Center for American Progress

STATEMENT: CAP’s Neera Tanden on Introduction of Young Child Tax Credit Bill in the Senate
Press Statement

STATEMENT: CAP’s Neera Tanden on Introduction of Young Child Tax Credit Bill in the Senate

Press Contacts

  • Liz Bartolomeo

Washington, D.C. — Today, Sen. Sherrod Brown (D-OH) introduced new legislation that would help families with young children by strengthening the Child Tax Credit, or CTC. Center for American Progress President and CEO Neera Tanden issued the following statement on the announcement of this bill:

The costs associated with raising a young child, even for necessary items such as diapers and car seats, can put a financial strain on working families that are already stretched particularly thin. Harnessing the Child Tax Credit as a tool to invest in the next generation would help millions of families meet their children’s immediate needs while also providing greater economic stability. Last year, CAP found that a Young Child Tax Credit would bolster middle-class economic security, dramatically reduce child poverty, boost economic mobility, and help level the playing field for communities of color. Research demonstrates that investing in the early years of a child’s life both helps families in the short term and leads to long-term positive impacts on that child’s education, employment, earnings, and health.

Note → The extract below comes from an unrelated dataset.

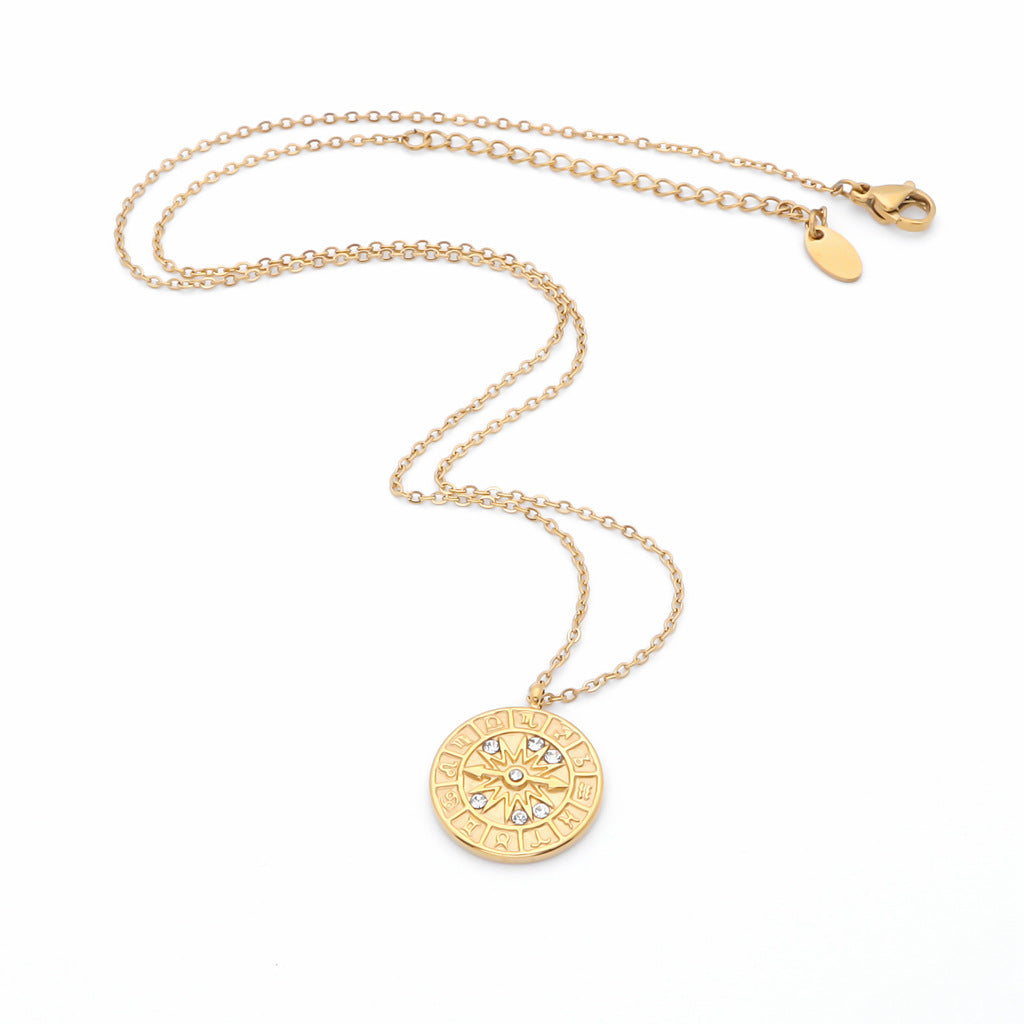 Zodiac Dial Pendant Stainless Steel Necklace - Gold-Stainless Steel Chains-1-Glitters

This legislation is a positive step in helping families make inroads to the middle class and fight child poverty. I commend Sen. Brown for his commitment in supporting policies that make a difference for working families and urge Congress to pass this important legislation.

The bill is companion legislation to the Young Child Tax Credit Act, which was introduced in the House in March by Rep. Rosa DeLauro (D-CT).

Last year, CAP issued a series of recommendations to enhance the existing Child Tax Credit and create a new Young Child Tax Credit. The accompanying analysis found that the economic cost of child poverty in the United States is $672 billion per year, or nearly 4 percent of U.S. gross domestic product. This is due to higher health costs, lower educational outcomes, and increased spending on criminal justice. Additionally, the report highlighted how flat and declining wages amid rising costs are straining families’ ability to afford a middle-class lifestyle, with child-related costs accounting for nearly 70 percent of the middle-class squeeze for the typical two-parent, two-child family.